--- START ---

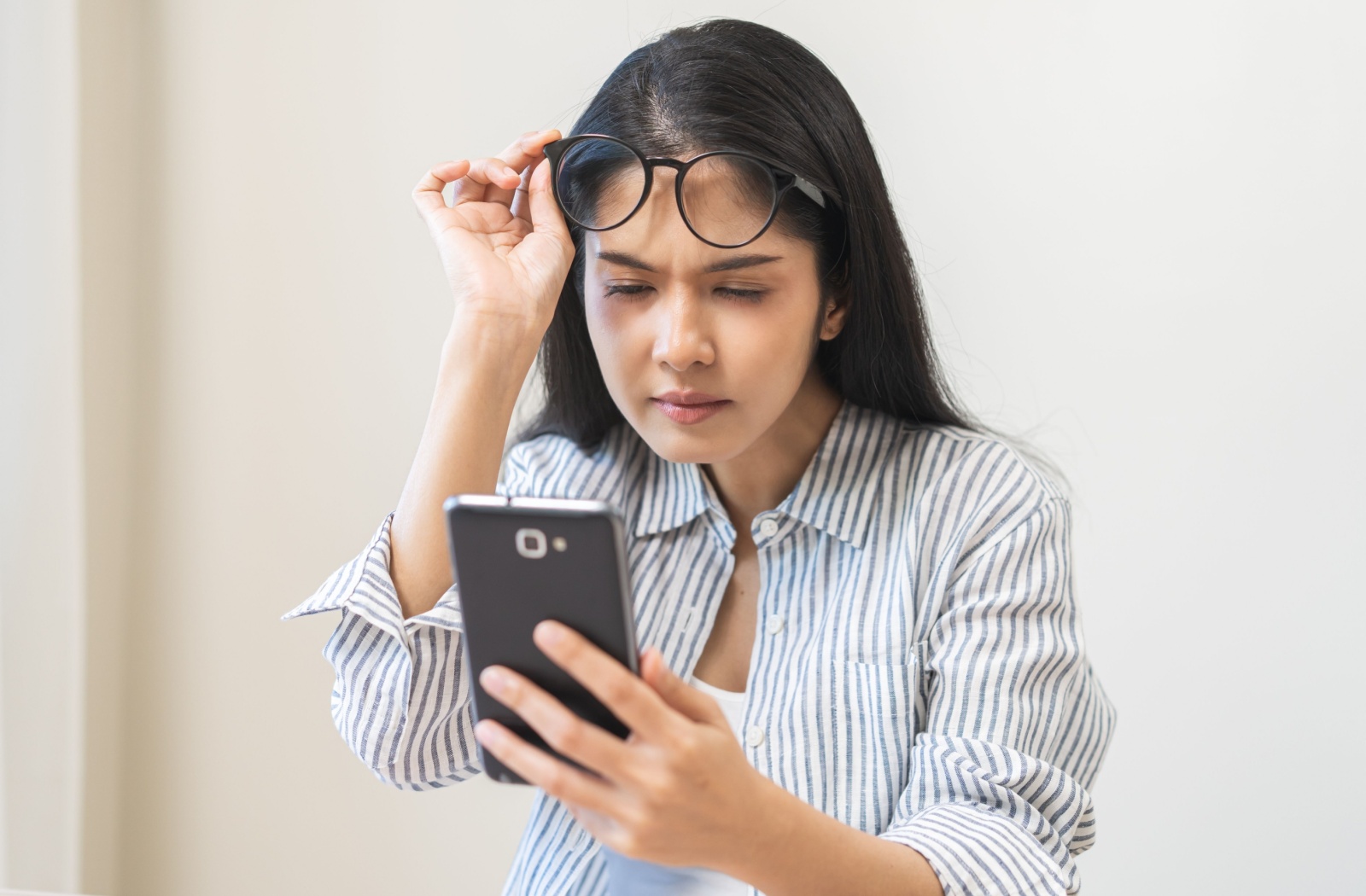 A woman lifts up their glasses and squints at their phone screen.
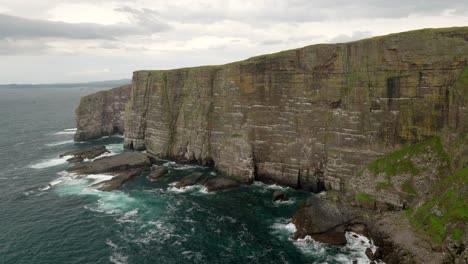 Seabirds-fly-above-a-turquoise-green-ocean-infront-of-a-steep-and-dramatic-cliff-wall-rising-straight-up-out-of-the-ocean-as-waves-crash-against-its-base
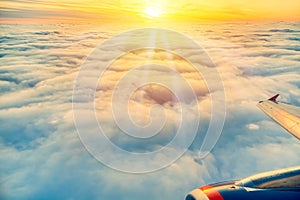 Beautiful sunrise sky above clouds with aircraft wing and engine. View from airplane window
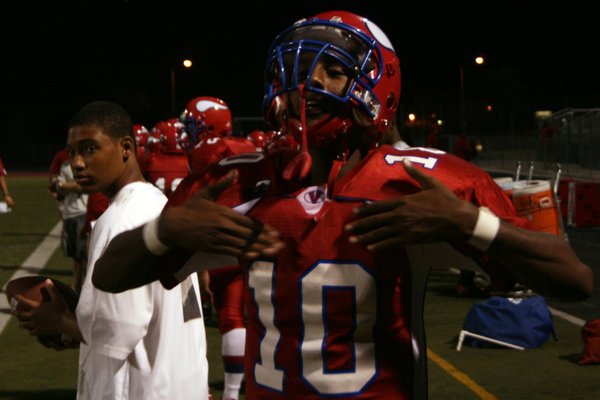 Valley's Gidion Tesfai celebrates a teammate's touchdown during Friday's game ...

--- END ---

WHAT YOU HAVE TO DO: Write out the data precisely as given, excluding the pictures.

ANSWER SECTION:
 A woman lifts up their glasses and squints at their phone screen.
 Seabirds-fly-above-a-turquoise-green-ocean-infront-of-a-steep-and-dramatic-cliff-wall-rising-straight-up-out-of-the-ocean-as-waves-crash-against-its-base
 Beautiful sunrise sky above clouds with aircraft wing and engine. View from airplane window
 Valley's Gidion Tesfai celebrates a teammate's touchdown during Friday's game ...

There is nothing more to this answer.